Better than minimum requirements

Review team on site

January 2019

Date of this report

6 March 2019

Most recent ERO report(s) (formerly Kilbirnie Community Creche)

Education Review

March 2012

Education Review

December 2014

3 General Information about Early Childhood Reviews

ERO’s Evaluation Framework

ERO’s overarching question for an early childhood education review is ‘How well placed is this service to promote positive learning outcomes for children?’ ERO focuses on the following factors as described in the bicultural framework Ngā Pou Here:

  • Pou Whakahaere – how the service determines its vision, philosophy and direction to ensure positive outcomes for children
  • Pou Ārahi – how leadership is enacted to enhance positive outcomes for children
  • Mātauranga – whose knowledge is valued and how the curriculum is designed to achieve positive outcomes for children
  • Tikanga whakaako – how approaches to teaching and learning respond to diversity and support positive outcomes for children.

Within these areas ERO considers the effectiveness of arotake – self review and of whanaungatanga – partnerships with parents and whānau.

ERO evaluates how well placed a service is to sustain good practice and make ongoing improvements for the benefit of all children at the service.

A focus for the government is that all children, especially priority learners, have an opportunity to benefit from quality early childhood education. ERO will report on how well each service promotes positive outcomes for all children, with a focus on children who are Māori, Pacific, have diverse needs, and are up to the age of two.

For more information about the framework and Ngā Pou Here refer to ERO’s Approach to Review in Early Childhood Services.

ERO’s Overall Judgement and Next Review

The overall judgement that ERO makes and the timing of the next review will depend on how well placed a service is to promote positive learning outcomes for children.

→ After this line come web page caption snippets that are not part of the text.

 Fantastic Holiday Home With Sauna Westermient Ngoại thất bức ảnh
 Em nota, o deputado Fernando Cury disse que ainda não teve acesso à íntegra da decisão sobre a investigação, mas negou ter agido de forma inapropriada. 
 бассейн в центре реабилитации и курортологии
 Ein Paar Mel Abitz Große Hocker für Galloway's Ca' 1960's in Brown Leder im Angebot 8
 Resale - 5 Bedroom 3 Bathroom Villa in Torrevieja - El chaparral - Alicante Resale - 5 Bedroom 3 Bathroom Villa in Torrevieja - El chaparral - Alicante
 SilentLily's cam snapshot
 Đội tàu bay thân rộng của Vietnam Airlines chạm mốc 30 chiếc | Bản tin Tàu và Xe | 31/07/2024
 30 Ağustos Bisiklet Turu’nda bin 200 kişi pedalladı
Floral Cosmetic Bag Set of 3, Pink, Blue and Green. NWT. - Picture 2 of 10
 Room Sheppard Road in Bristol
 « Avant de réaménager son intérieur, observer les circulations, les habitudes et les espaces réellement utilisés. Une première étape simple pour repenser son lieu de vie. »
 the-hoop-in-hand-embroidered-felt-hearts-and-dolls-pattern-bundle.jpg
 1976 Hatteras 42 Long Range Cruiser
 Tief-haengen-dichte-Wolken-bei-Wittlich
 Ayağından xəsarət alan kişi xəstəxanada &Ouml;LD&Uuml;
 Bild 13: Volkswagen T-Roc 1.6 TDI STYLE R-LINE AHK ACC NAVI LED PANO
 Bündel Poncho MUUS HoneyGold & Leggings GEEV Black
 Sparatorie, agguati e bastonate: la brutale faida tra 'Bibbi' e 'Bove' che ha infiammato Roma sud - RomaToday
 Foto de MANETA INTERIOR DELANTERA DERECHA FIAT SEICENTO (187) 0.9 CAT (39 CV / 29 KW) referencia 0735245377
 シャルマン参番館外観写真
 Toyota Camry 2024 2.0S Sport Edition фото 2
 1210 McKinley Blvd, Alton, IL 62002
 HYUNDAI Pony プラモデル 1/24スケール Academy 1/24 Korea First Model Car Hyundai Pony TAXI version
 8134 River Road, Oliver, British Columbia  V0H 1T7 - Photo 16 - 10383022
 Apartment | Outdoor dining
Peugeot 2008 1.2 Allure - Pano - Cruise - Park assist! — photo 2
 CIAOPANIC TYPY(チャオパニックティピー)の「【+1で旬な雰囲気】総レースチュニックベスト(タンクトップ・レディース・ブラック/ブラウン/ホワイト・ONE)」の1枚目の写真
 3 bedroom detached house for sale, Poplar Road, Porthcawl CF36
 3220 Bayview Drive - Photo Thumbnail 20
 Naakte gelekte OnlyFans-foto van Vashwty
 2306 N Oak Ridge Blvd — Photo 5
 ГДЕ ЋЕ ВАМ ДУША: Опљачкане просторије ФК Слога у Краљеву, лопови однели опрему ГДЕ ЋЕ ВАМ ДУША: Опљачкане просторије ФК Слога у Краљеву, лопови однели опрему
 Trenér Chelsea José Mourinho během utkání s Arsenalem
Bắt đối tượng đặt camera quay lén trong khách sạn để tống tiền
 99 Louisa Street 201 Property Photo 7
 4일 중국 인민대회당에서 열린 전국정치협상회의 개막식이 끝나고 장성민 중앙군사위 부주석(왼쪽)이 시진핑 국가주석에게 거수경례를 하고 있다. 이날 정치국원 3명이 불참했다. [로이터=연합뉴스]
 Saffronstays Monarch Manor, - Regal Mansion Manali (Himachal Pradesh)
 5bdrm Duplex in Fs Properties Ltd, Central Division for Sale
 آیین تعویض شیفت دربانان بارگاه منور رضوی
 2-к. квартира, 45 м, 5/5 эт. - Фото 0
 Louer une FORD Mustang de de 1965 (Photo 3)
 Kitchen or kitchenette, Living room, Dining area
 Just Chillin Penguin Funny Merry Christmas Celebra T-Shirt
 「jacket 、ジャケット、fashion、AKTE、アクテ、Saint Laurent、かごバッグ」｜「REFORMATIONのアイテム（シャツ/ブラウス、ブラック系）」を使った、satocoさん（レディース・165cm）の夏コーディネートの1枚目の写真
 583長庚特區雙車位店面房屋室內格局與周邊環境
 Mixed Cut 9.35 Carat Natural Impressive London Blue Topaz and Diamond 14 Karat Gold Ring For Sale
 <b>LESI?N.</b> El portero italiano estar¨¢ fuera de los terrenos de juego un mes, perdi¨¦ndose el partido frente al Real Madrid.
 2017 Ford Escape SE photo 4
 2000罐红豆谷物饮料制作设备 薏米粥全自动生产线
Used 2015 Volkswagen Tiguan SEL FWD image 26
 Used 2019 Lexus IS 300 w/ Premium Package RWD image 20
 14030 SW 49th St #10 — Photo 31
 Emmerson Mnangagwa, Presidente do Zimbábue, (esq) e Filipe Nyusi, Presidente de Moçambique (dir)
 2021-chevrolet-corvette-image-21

The categories are:

  • Very well placed – The next ERO review in four years
  • Well placed – The next ERO review in three years
  • Requires further development – The next ERO review within two years
  • Not well placed - The next ERO review in consultation with the Ministry of Education

ERO has developed criteria for each category. These are available on ERO’s website.

Review Coverage

ERO reviews are tailored to each service’s context and performance, within the overarching review framework. The aim is to provide information on aspects that are central to positive outcomes for children and useful to the service.